You obviously have dissolved some copper, creating a weak copper chloride leach. Some of the copper have cemented out on the kovar pins and you see that as a pink copper coating.
The pins will not fall off until the pins are totally dissolved through, they sit in a hole going through the fiber board and not flat on the bottom as later chips have.

It looks like the copper chloride have penetrated under the top solder mask, not much to do about it I guess.

Göran


----------



## archeonist (Dec 5, 2016)

Goran, I do use a thermal buffer and catch bassin. For the picture I just shot the glass on a hotplate. 
What should I do? Carry on dissolve pins untill they fall off, or throw everything in AR?
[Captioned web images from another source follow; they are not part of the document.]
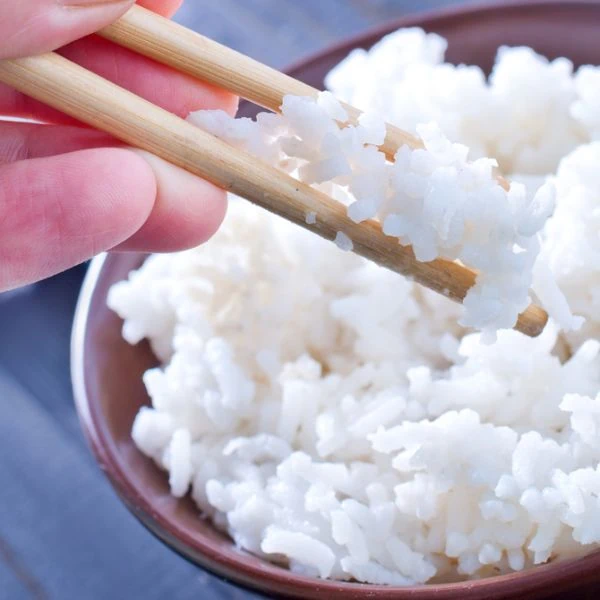 White rice being picked up with chopsticks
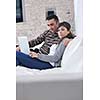 joyful couple relax and work on laptop computer at modern living room indoor home
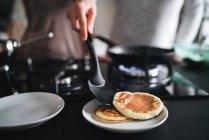 Cropped view of couple serving pancakes — Stock Photo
I agree copper has cemented out on the pins. The kovar is now in contact with the acid. Copper ions are reduced on the surface of the gold pins to copper atoms. The electrons are delivered by the kovar that is going into solution, for instance iron or nickel.


----------



## Tzoax (Dec 5, 2016)

I have sucessfuly processed Black MMX processors this way:
- removing copper hearsinks, all SMD components and black chips which I processed like all the other IC chips
-simmer boiling in a 16-18% HCl for about 2 hours, all of the tin dissolved.
- decanting tin bearing HCl solution, washed beaker with water several times
-Added fresh HCl and adding KNO3 until all of the metals dissolves.
-watch out, when the reaction is nearly ended it will be vigorous reaction, you will need much bigger beaker filled maximum to 1/3 of the volume.
-after that, regular denoxing, filtering and gold dropping

I had some losses when processing these, but even with the losses I had 1.5g of gold per kg or 0.03 per piece of this kind of processors, including black chips with dies. 

I hope this helped a bit.


----------



## patnor1011 (Dec 5, 2016)

I did them in straight AR, no HCl before. Cores incinerated and crushed then AR too. Pretty fast but as others said be aware that they tend to foam in hot AR so use big beaker.


----------



## Romix (Jan 13, 2017)

Can't get pins off on this.


----------



## g_axelsson (Jan 13, 2017)

Romix said:


> Can't get pins off on this.


How did you try to remove them?

Göran


----------



## Romix (Jan 13, 2017)

g_axelsson said:


> Romix said:
> 
> 
> > Can't get pins off on this.
> ...



Heating with lighter, that goes to the temperature of gold melting point. 
Cpu began to melt, but pins didn't came off.


----------



## g_axelsson (Jan 13, 2017)

If you read my description of the construction of these CPU:s above you will understand why the pins doesn't fall off.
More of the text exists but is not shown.